Halloween Traditions and New Urbanism

Town Creek SidewalkHalloween is one night of the year when our kids inhabit the streets of our communities. Traditionally in pursuit of candy, our youth have the opportunity to wander en masse, priding themselves on both their deliberately planned costumes as well as the contents of their goody bags. Often unattended by the watchful eyes of parents and babysitters, this is one night that our children experience the quality of our neighborhoods.

Therefore, Halloween is also an ideal time to consider the integrity and design of our neighborhoods. Is motor vehicle traffic slow enough to allow our kids to roam free at night? Are the streets well-lit? Are the front doors and porches inviting and appealing? Do our neighbors share an invested interest in community with one another?

These questions also reflect the basic tenants of New Urbanism. A few of the foundational concepts behind this approach to urban design include,

  • Walkability - Pedestrian-friendly street design includes an emphasis on curved roads, limited straightaways and wide sidewalks, all of which encourage drivers to slow down while providing ample space for foot traffic. 
  • Rear-Facing Garages & Parking Lots - Porches, gardens and front yard layouts are not only more aesthetically pleasing; they also encourage more social behavior amongst community members.

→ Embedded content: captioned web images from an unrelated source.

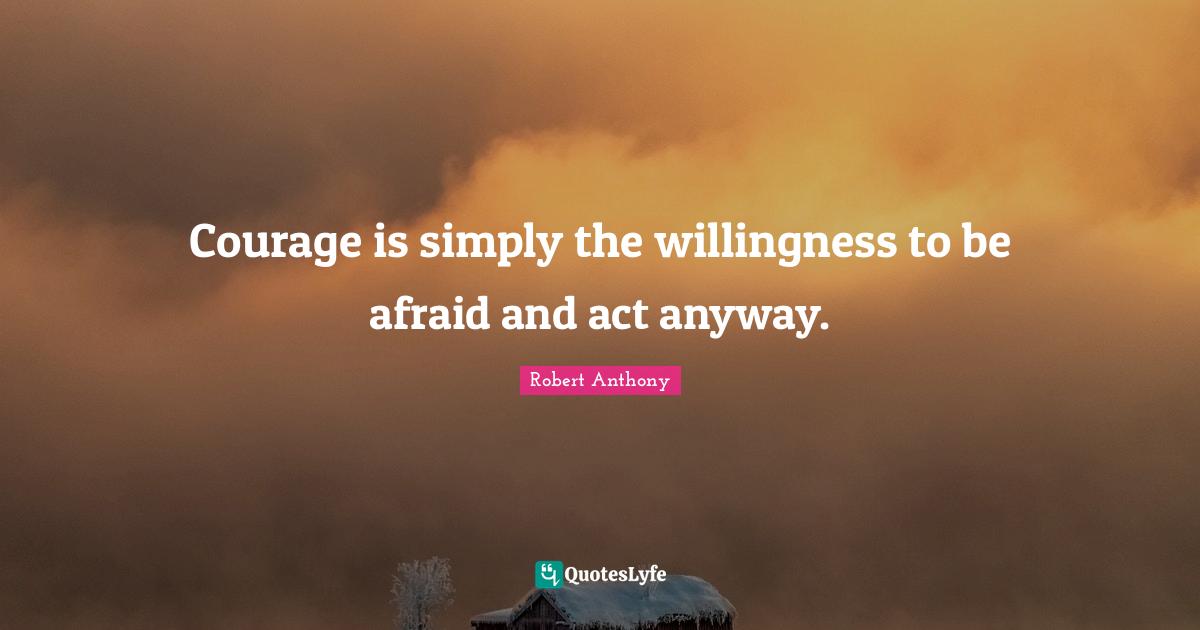 Courage is simply the willingness to be afraid and act anyway.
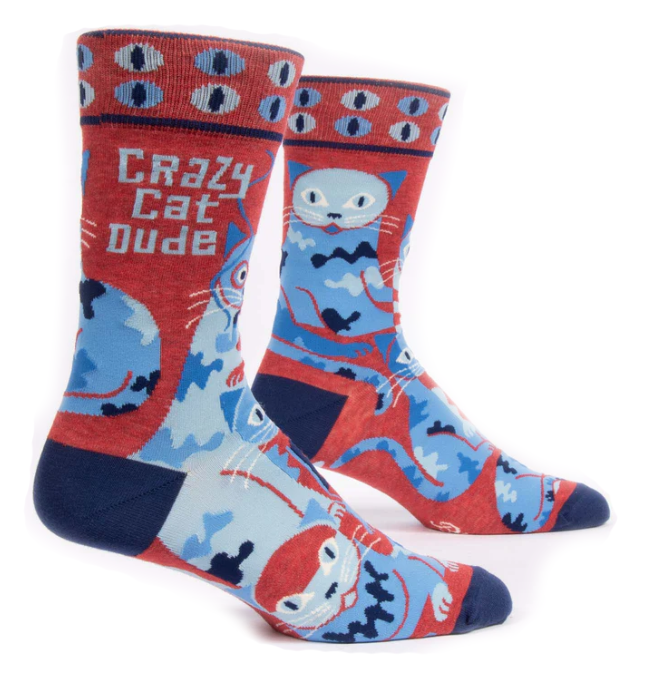 Blue Q | Mens Crew Socks | Crazy Cat Dude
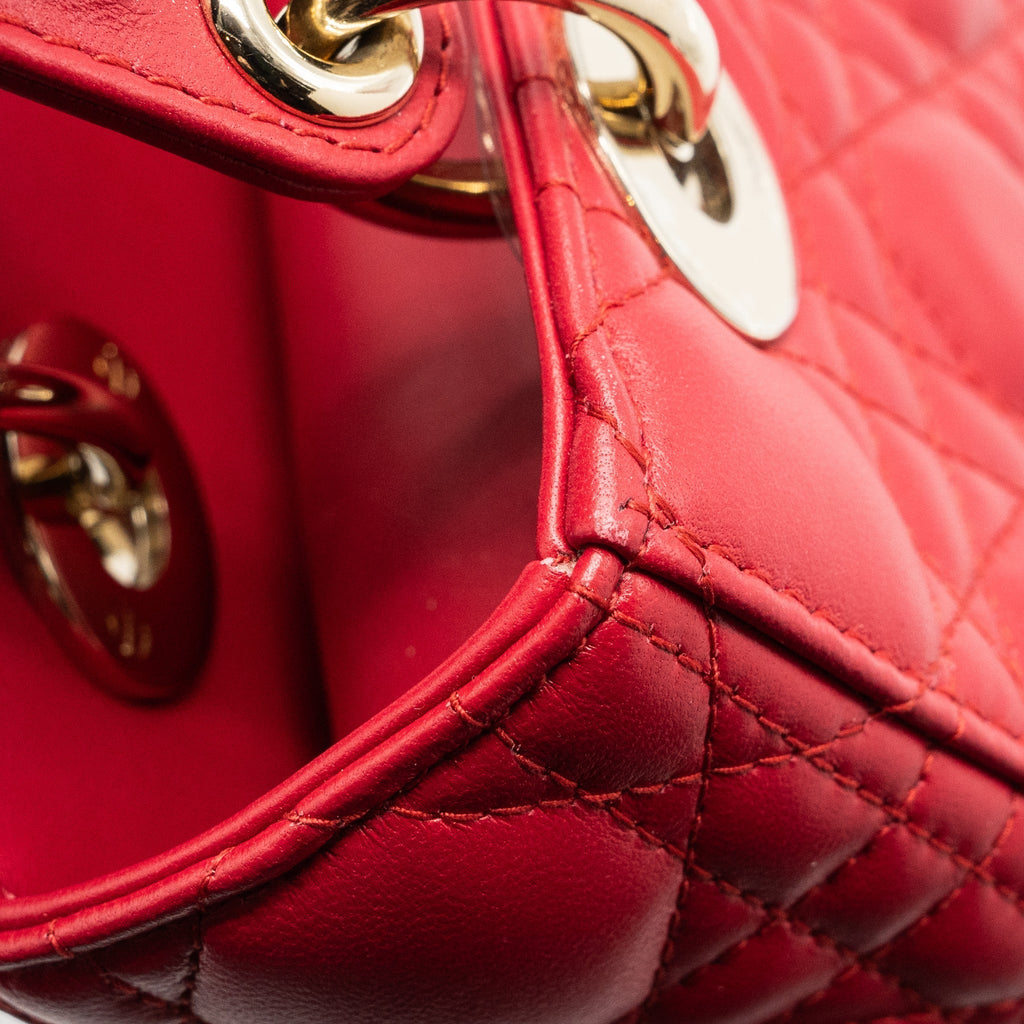 DIOR SMALL LADY DIOR LAMBSKIN RED LGHW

By keeping garages and parking lots behind buildings, front-doors are also more accessibly to pedestrians.
  • Strengthened Community - When residing in mixed-use, diverse developments, neighbors have the ability to interact and socialize to a greater degree, which in turn creates a stronger, safer environment for all.

As if that wasn't enough reason to appreciate New Urbanist design principles during the Halloween season, one architect and urban planner also believes that New Urbanist neighborhoods will also lead to more candy while trick-or-treating:

Traditional neighborhood design promotes a number of positive attributes for a higher quality of life including physical health, economic and social opportunities, and more candy. That’s right, traditional neighborhood design is also better for trick-or-treating. For those looking to score big on Halloween night, you may want to by-pass the suburbs and head straight for your nearest new urbanist communities.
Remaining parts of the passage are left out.